Ok, I’ll explain how it works in my case:
Pytorch code runs 16 samplers each contains 128 envieronments. Each env is normal python class with all calculation moved to Numba part. So all envs is persistent (if you familar with gym envs so it is - pytorch produce actions, do step in envs and then observations and rewards returns back, after some steps envs resets and repeat same work pattern). All envs located inside 16 forked processes, which on windows obviously used spawn. But fork in my case provides 100% speed gain, so thats why I forced to use Ubuntu for learning. On windows I have 20k fps but on ubuntu my throughoutput is 50k.
I’m not sure that all functions compilling regularry since all envs are persistent and works in multiprocessing worker in loop.
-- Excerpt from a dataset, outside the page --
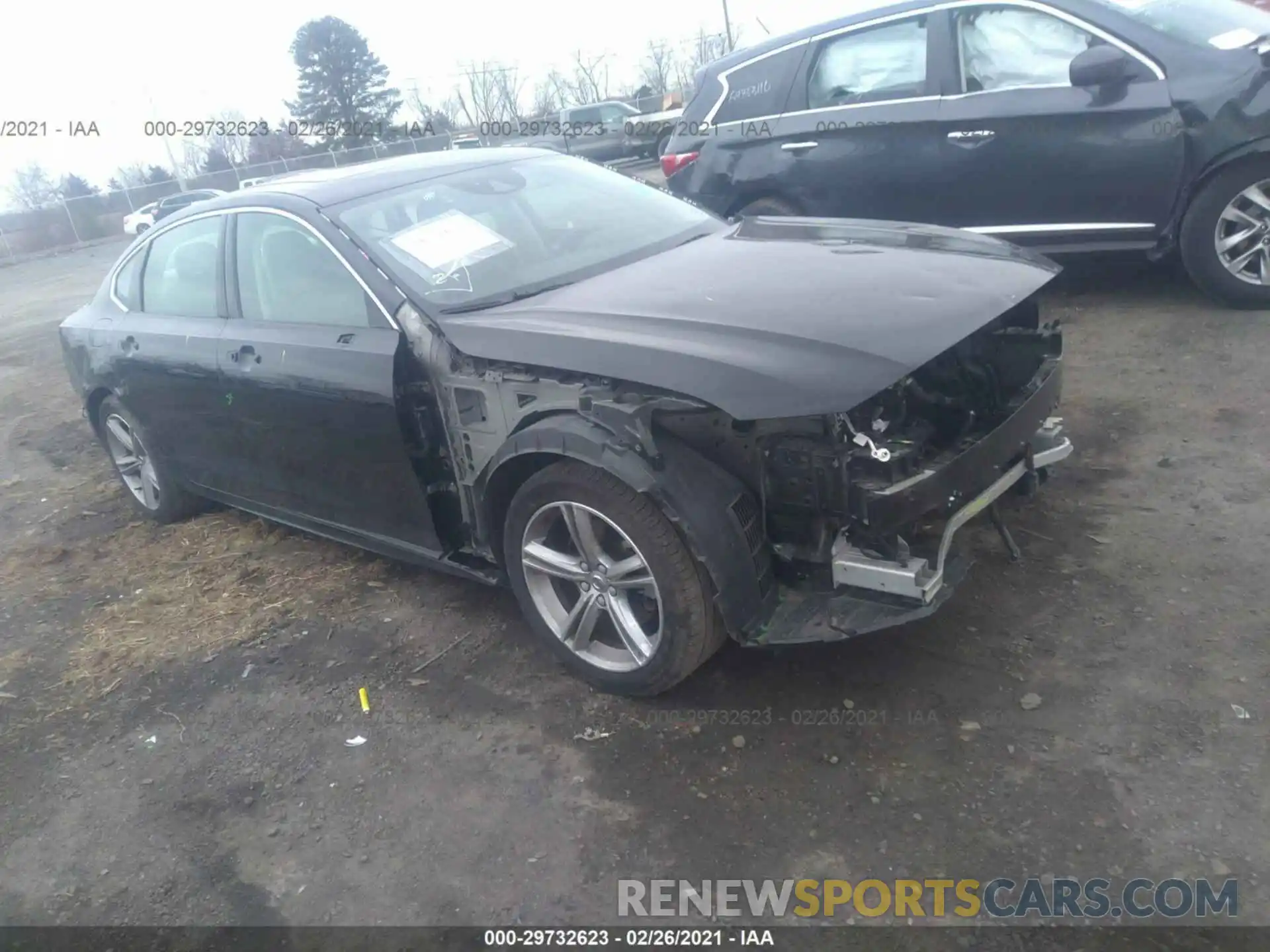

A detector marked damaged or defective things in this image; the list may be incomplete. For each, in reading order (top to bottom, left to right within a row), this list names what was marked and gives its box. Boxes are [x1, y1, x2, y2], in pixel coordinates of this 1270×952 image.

damaged black sedan [60, 151, 1069, 698]
missing front bumper [751, 423, 1069, 651]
Also I checked that problem located inside Numba code - it works fine without memory grows if I remove all @njit attributes.
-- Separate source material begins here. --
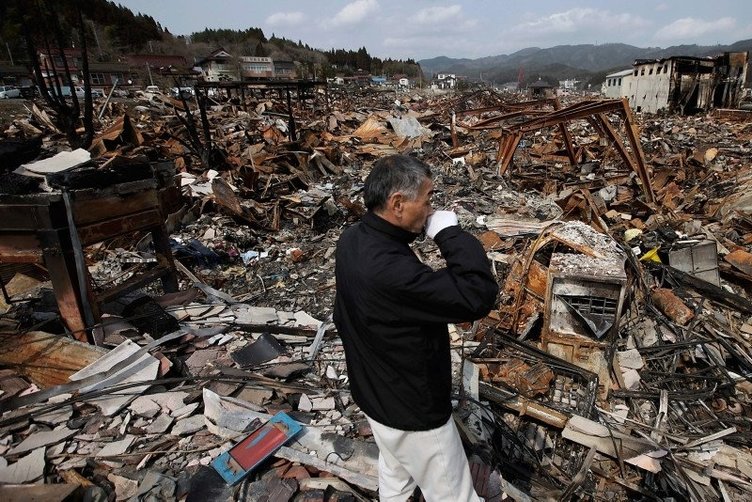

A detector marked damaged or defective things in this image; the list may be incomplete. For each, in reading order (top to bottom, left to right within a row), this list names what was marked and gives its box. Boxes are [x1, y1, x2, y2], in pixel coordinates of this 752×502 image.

rusted steel girder [496, 99, 656, 203]
rusty sheet metal [0, 332, 108, 386]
So may be you’re right the core located with forking and numba on Ubunutu. Don’t think this is possible fragmentation issue since changing ENV malloc vars or even changing malloc to jemalloc does not help.
Could you please explain more about immortal nature of LLVMs functions and how to check it. May be I’m using numba in wrong way.
PS: I send to Numba code large numpy np.float32 arrays and process them, so may be somehow copies of python and c++ arrays are stay in memory and GC don’t see it.